Discover Angelo Mangiarotti, the Italian architect, designer and urban planner famous for his dedicated and revolutionary research on different production materials. From his impactful Milanese architecture that shaped the history of the city to his iconic product designs, Mangiarotti’s touch is still present today in our cultural landscape and industry practices.

Sinuous curves and unexpected joints, architectural encounters of masculine and feminine, furnishings and lights with great formal power. The design legacy of Angelo Mangiarotti, ten years after his death, is monumental. Each project contains a design lesson, an idea to be inspired by, to which many projects of the new generation of designers, of which Mangiarotti is one of the favorite masters, concretely refer. His furnishings – primarily those produced by Agapecasa – are characterized by essential lines accompanied by design ideas of great impact. There is a deep knowledge of materials and a total confidence in furniture engineering. Mangiarotti experiments with daring joints, asymmetries, new balances never experienced before. And this is how he leaves his mark, offering the world a series of furnishings and accessories that go beyond time and are not afraid of changing trends.

 

Angelo Mangiarotti’s Life and Career

Angelo Mangiarotti was born in Milan on February 26th, 1921, and graduated with a degree in Architecture from the renowned Politecnico di Milano. That same year, he took the opportunity to assist the preparation of the VIII Triennale, effectively introducing him to the vibrant Milanese atmosphere of the design world. He later moved to the United States as a visiting professor of the Illinois Institute of Technology, where his encounters with Frank Lloyd Wright and Walter Gropius among others became instrumental in defining his personal style as a professional.

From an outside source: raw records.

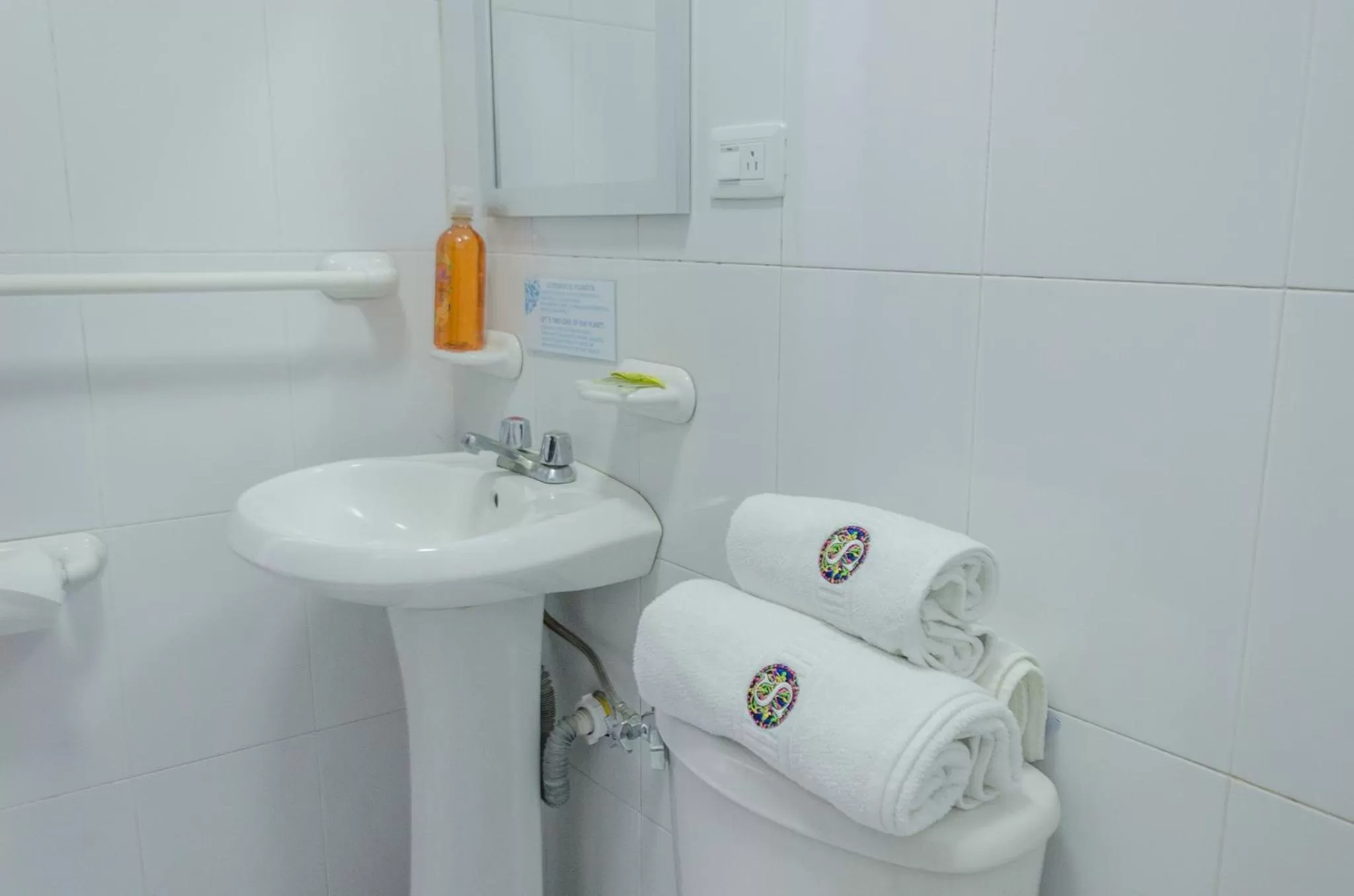 Bathroom in Hotel Shalom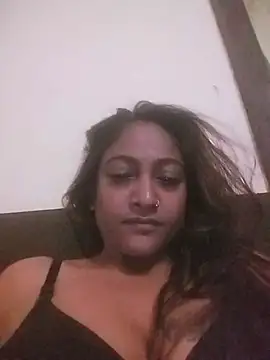 dusky diva d online show from June 2026 04:46:01 PM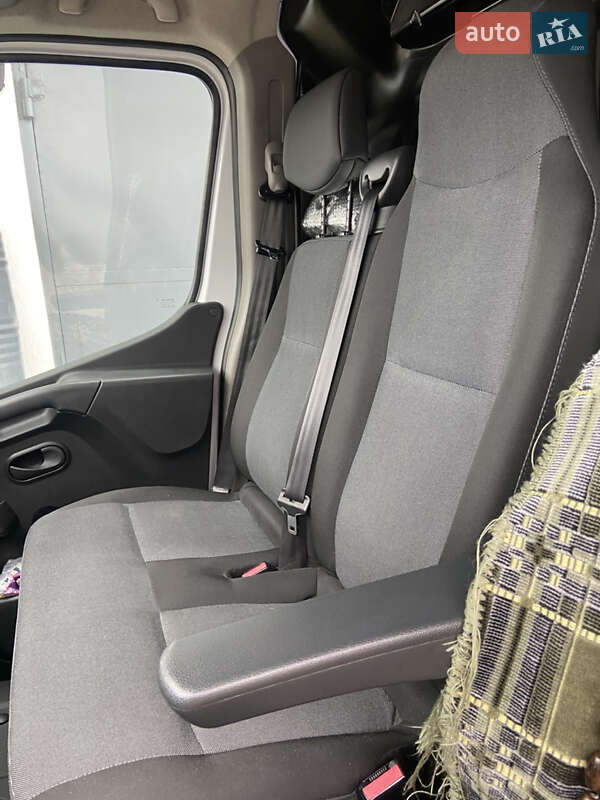 Вантажний фургон Renault Master 2020 в Хмельницькому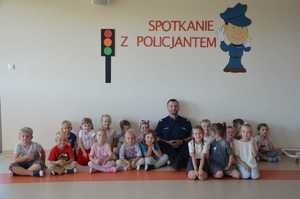 Policjant na spotkaniach z dziećmi w szkołach.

Back in Italy, in 1955 he launched a 5-year partnership with his colleague and friend Bruno Morassutti, where Mangiarotti took his first steps in the architectural landscape of Milan: from those days is the famous “Casa a tre cilindri” in the San Siro district, a fine example of architecture perfectly blended with its with urban planning and renovation process. The studio took this innovative approach of structural research even further with the design of an apartment complex in Via Quadronno, and later with the commission of the new Quartiere Feltre in a joint effort with a group of acclaimed Milanese architects. His architectural vision deeply reflected in these early works: Mangiarotti viewed the discipline as a form of functional art, an artisanal process that had to follow the importance of functionality and intellectual rigor. This was true also for his opinion of industrial design, that he approached with the same care of a craftsman and the precision of a urbanist. As a restless innovator, Mangiarotti rarely stayed still in one environment; after his experience with Morassutti, he ventured in the automotive sector working with Alfa Romeo first as a consultant and then as a product designer, working closely with engineers that encouraged and fuelled his passion for material research. While he never lost side of his calling as an architect, these experiences contributed to the expansion of his activities into product design, becoming one of the founding members of the still present ADI, the first Italian association for industrial design.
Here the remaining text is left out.